• TASK INSTRUCTIONS:
Take the material below and reproduce, word for word, only the lines from the line with "Mercoledi Kadın Lila" through the line with "Micromosaic Tesserae Millefiori".

++++ DATA TO EXAMINE

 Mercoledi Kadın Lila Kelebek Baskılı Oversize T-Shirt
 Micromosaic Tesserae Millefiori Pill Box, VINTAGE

++++++++
++++ DATA TO EXAMINE

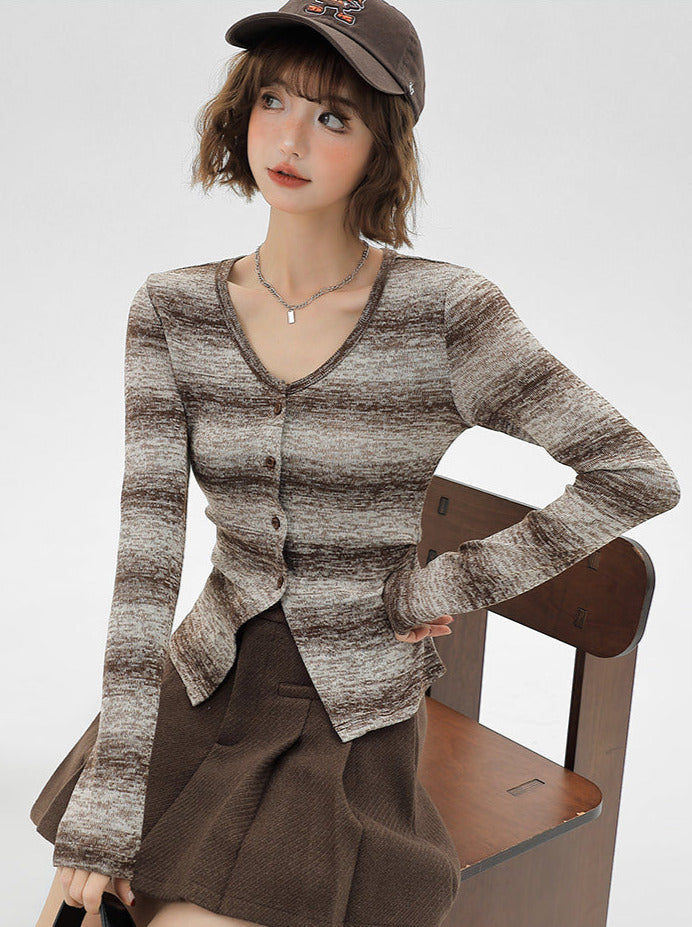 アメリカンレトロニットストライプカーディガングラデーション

++++++++

• EXERCISE SOLUTION:
 Mercoledi Kadın Lila Kelebek Baskılı Oversize T-Shirt
 Micromosaic Tesserae Millefiori Pill Box, VINTAGE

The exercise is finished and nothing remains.